Once the brokenness (read my other post to find out what they are) did its work in me and I chose to surrender, my life begin to change. This change didn’t simply occur because I willed it to, but because I was in a new place. A place of reflection, a place of being still and finally coming to the understanding that I was missing something very essential to living a full life. That place was being true to myself. I mean really true. I came across a great book entitled, “Why Am I Afraid to Tell You Who I Am?”, by John Powell.
It challenged me to look into the mirror of my soul and ask myself several hard questions, like:
- What is at the core of my fear to show my real self?
- What happens when I finally disclose who I am?
- Why did I always seem to have a “Plan B” in place?
Answer to Question 1 – Ultimately I have learned to understand that my biggest fear was the fear of rejection.
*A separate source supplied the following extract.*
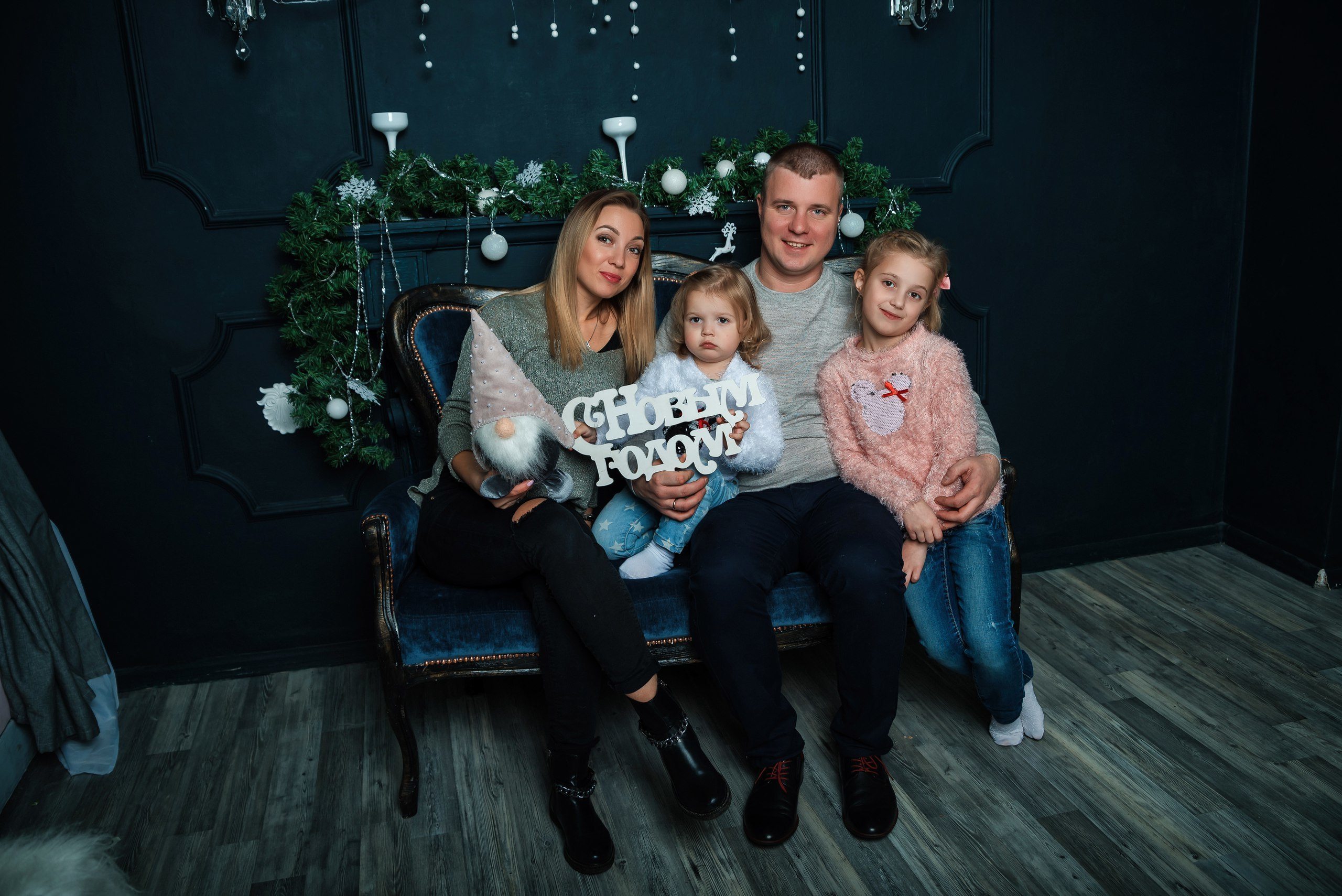 Новогодние фотосессии в Туле. Портретный, семейный, свадебный фотограф. Бизнес, контент съёмка. Тула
I honestly had a fear that if the most important people in my life truly knew me, there is no way that they would still accept me, therefore that perpetuated the lie. It’s human nature for most of us to believe that we’ll never be good enough or measure up to societies’ standards and the truth is we may not ever measure up, but what we must learn is we are enough as we are. My faith in God tells me that I am ever-growing, imperfect and to trust the process of my transformation to evolve to the best me over time. It cannot be with a mindset of comparing myself to others or pretending I understand something when I truly do not. We all want to be accepted by others, but we must resist the temptation to project something or someone who we have not yet become. If we only fit into a specific circle because of an illusion that we feel obligated to project, than we continue to lie to ourselves and perpetuate a lifestyle that saps us of all the creative energy essential to living a life of authentic wholeness.
To authentically learn to love thyself is to release the bondage of performing for others in order to be loved and accepted.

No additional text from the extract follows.